Notwithstanding the criticisms in TOC, TRE, and the other usual suspects, there is quiet satisfaction among the oldies (and the children) that I know, that the package while not that generous shows that the govt is willing to listen. And why is the govt listening? There is an election coming in which it wants to obtain more than the 60% of the popular vote. So it does what elected govts do, buy votes. In our case, it’s will our money, not borrowed money as is common in the West. Whatever the method, it’s still vote buying.

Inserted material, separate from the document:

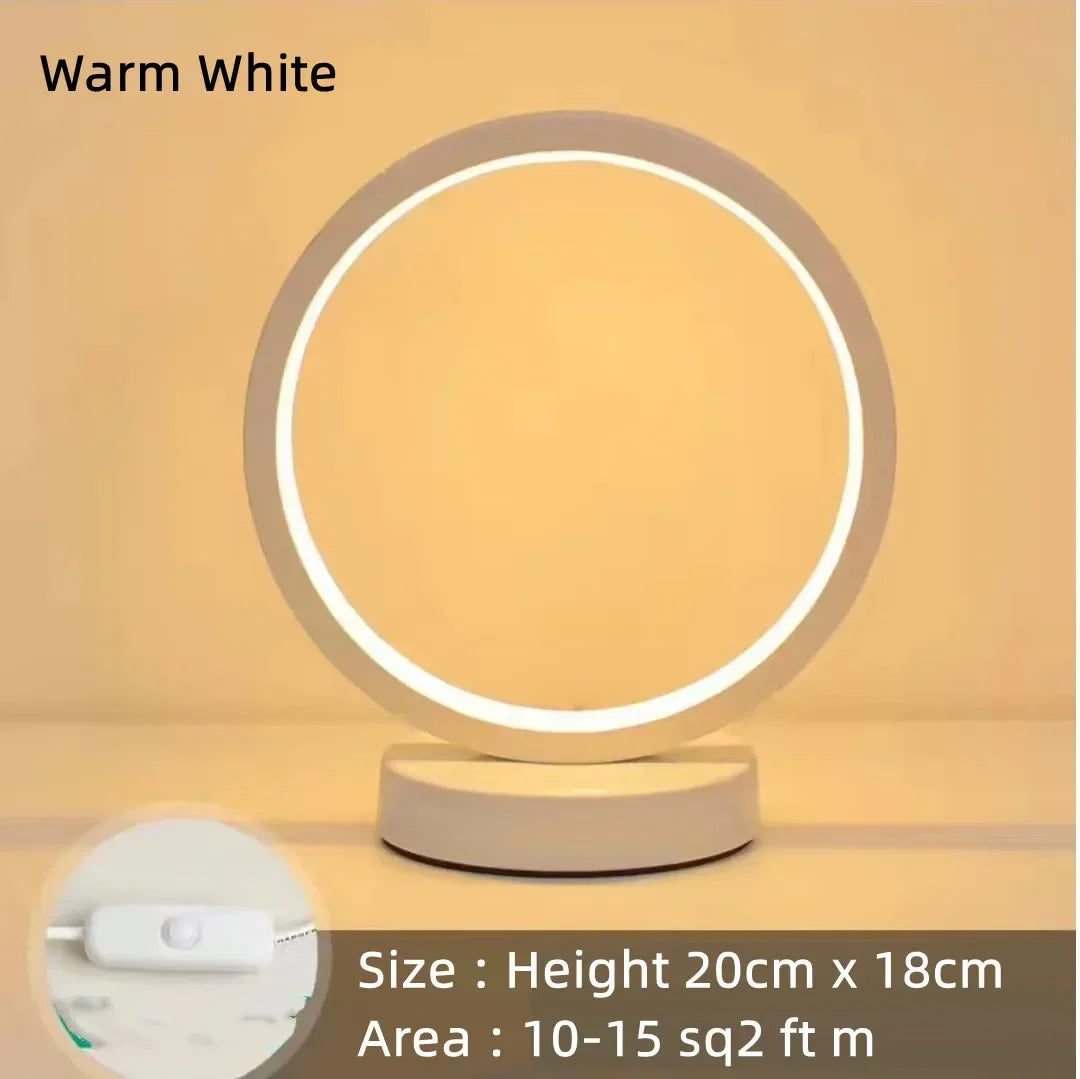 Lampe de chevet cercle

My other serious point is that by saying govt “will do what’s right, not what’s popular”, he implies that the unpopular measure is always the right policy. Come on pull the other leg, it’s got bells. He cannot be serious. The transport policy of Raymond Lim (if commuters want basic comfort, they will have to pay GST), and the public housing policy of Minister Mah (prices fly in a recession) were unpopular, and wrong. By sacking them (OK not denying they were sacked, and they didn’t get cushy GLC jobs did they?), and reversing their policies, the govt admitted they were wrong.